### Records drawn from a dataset
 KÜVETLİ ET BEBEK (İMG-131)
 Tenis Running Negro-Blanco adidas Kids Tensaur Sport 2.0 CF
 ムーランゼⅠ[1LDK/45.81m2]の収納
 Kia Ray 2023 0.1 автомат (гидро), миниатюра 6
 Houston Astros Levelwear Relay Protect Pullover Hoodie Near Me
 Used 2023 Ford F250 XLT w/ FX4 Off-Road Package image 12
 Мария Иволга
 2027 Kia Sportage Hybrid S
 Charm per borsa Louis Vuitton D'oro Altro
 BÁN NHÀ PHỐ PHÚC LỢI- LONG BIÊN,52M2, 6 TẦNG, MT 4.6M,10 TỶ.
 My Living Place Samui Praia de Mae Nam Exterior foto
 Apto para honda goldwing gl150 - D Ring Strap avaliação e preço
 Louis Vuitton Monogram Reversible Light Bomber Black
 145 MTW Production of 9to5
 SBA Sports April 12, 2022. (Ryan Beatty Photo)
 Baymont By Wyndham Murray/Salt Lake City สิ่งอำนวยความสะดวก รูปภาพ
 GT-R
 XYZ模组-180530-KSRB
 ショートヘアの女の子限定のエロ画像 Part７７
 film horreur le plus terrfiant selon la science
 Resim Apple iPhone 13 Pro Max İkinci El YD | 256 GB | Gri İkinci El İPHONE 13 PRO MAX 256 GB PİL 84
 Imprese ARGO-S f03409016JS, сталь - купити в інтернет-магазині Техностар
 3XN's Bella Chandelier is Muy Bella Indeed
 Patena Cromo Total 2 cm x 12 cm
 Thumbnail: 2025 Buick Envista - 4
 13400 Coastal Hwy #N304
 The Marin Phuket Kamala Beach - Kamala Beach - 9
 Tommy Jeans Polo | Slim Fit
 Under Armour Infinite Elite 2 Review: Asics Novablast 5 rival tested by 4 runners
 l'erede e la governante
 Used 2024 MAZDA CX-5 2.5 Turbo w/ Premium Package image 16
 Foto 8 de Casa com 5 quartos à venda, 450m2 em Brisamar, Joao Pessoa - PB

### WHAT IS BEING ASKED
Every record above must be duplicated exactly.

### SOLUTION
 KÜVETLİ ET BEBEK (İMG-131)
 Tenis Running Negro-Blanco adidas Kids Tensaur Sport 2.0 CF
 ムーランゼⅠ[1LDK/45.81m2]の収納
 Kia Ray 2023 0.1 автомат (гидро), миниатюра 6
 Houston Astros Levelwear Relay Protect Pullover Hoodie Near Me
 Used 2023 Ford F250 XLT w/ FX4 Off-Road Package image 12
 Мария Иволга
 2027 Kia Sportage Hybrid S
 Charm per borsa Louis Vuitton D'oro Altro
 BÁN NHÀ PHỐ PHÚC LỢI- LONG BIÊN,52M2, 6 TẦNG, MT 4.6M,10 TỶ.
 My Living Place Samui Praia de Mae Nam Exterior foto
 Apto para honda goldwing gl150 - D Ring Strap avaliação e preço
 Louis Vuitton Monogram Reversible Light Bomber Black
 145 MTW Production of 9to5
 SBA Sports April 12, 2022. (Ryan Beatty Photo)
 Baymont By Wyndham Murray/Salt Lake City สิ่งอำนวยความสะดวก รูปภาพ
 GT-R
 XYZ模组-180530-KSRB
 ショートヘアの女の子限定のエロ画像 Part７７
 film horreur le plus terrfiant selon la science
 Resim Apple iPhone 13 Pro Max İkinci El YD | 256 GB | Gri İkinci El İPHONE 13 PRO MAX 256 GB PİL 84
 Imprese ARGO-S f03409016JS, сталь - купити в інтернет-магазині Техностар
 3XN's Bella Chandelier is Muy Bella Indeed
 Patena Cromo Total 2 cm x 12 cm
 Thumbnail: 2025 Buick Envista - 4
 13400 Coastal Hwy #N304
 The Marin Phuket Kamala Beach - Kamala Beach - 9
 Tommy Jeans Polo | Slim Fit
 Under Armour Infinite Elite 2 Review: Asics Novablast 5 rival tested by 4 runners
 l'erede e la governante
 Used 2024 MAZDA CX-5 2.5 Turbo w/ Premium Package image 16
 Foto 8 de Casa com 5 quartos à venda, 450m2 em Brisamar, Joao Pessoa - PB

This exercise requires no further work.